Oleh Tony Kleden
Pendahuluan
Saya menahan diri sangat kuat. Tidak ingin 10 jari ini menari-nari di atas tuts notebook tua. Alat kerja bermerek toshiba yang diterima dari tangan Rosihan Anwar (alm) di Jakarta 2010 silam itu sudah jadi teman saban hari. Saya tahan diri, tidak mau menulis sesuatu tentang sosok Pater. Dr. Paulus Budi Kleden, SVD yang diangkat Paus Fransiskus menjadi Uskup Agung Ende.

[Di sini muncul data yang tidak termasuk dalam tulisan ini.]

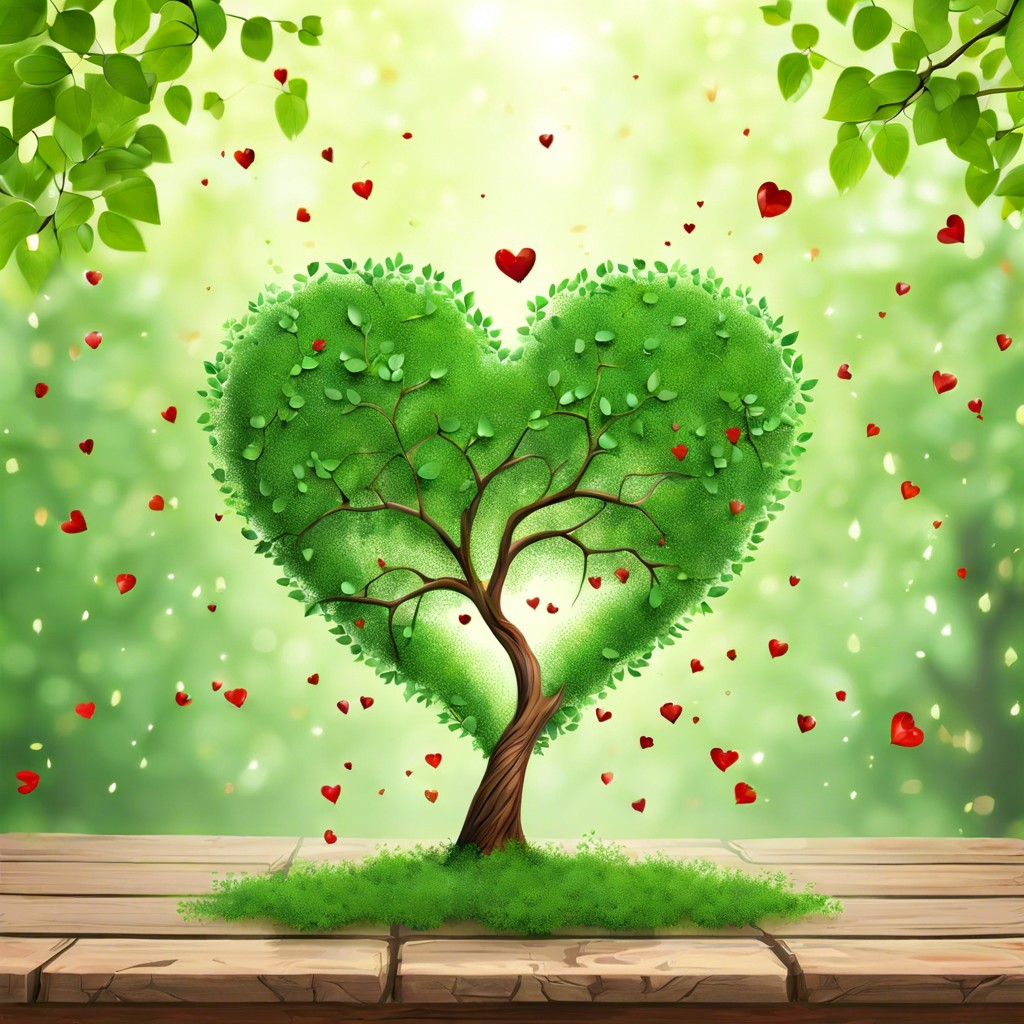 heart tree with leaves as tiny hearts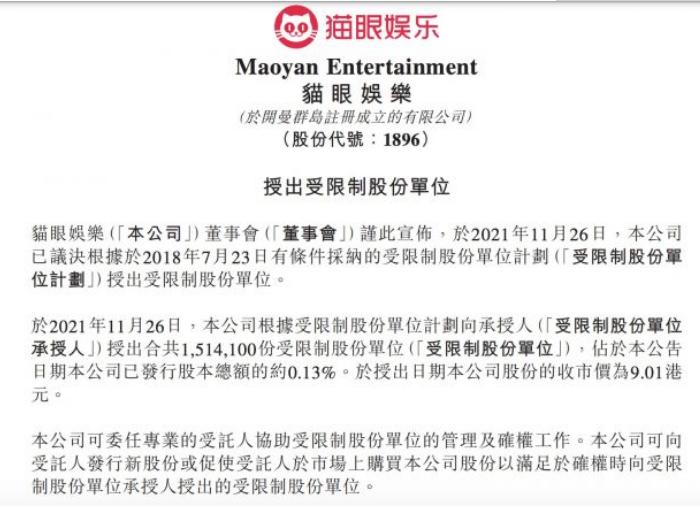 猫眼娱乐授出151.41万份受限制股份单位 收市价为9.01港元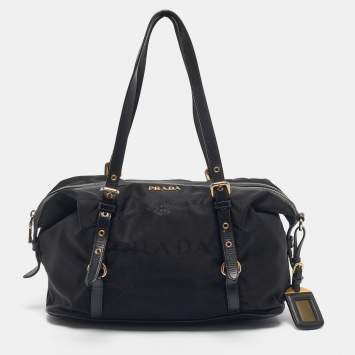 Pre Owned Prada Black Leather and Nylon Logo Buckle Satchel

Lantaran sikap itu, banyak yang protes. “Kami belum baca tulisanmu tentang beliau. Kami ingin tahu apa kata keluarga sendiri. Kami tunggu,” kata seorang teman pastor yang menetap di benua biru, Eropa. “Jangan lupa tulis tentang beliau! Tulis apa saja, kami ingin baca,” pinta seorang rekan anggota sebuah grup WA.
Yaaa, apa lagi yang mesti ditulis? Sudut dan sisi mana lagi yang belum diulas? Belum sampai satu jam setelah diumumkan menjadi Uskup Agung Ende, Sabtu, 25 Mei 2024 rembang malam, Pater Budi Kleden mendapat apresiasi dan ungkapan proficiat dari mana-mana. Membanjiri dinding-dinding facebook. Berhari-hari setelahnya begitu banyak komentar dan testimoni tentang sosok ini. Teman kelas, mantan mahasiswa/i, rekan-rekan imam, aktivis LSM, para guru, siapa saja yang mendengar kabar ini memberi apresiasi melalui komentar singkat, tulisan ringan, juga artikel pendek.
Saya sangat paham, juga sangat mengerti, kalau Budi Kleden bukan tipe orang yang haus pujian. Dia tidak suka dirinya dipublikasikan. Tetapi untuk menjawabi dan mengobati harapan banyak orang, saya melihat sisi keluarga saja untuk tulisan sederhana ini. Pembaca tidak bakal menemukan kedalaman pengetahuan Budi Kleden tentang teologi, filsafat, dan sastra di tulisan ini. Juga tidak akan mendapat gambaran seperti apa empati, simpati, perhatiannya terhadap para mahasiswanya di Ledalero. Yang ditemukan dari tulisan ini cumalah hal ihwal yang sangat sederhana. Mungkin juga terlalu sepele tentang sosok ini.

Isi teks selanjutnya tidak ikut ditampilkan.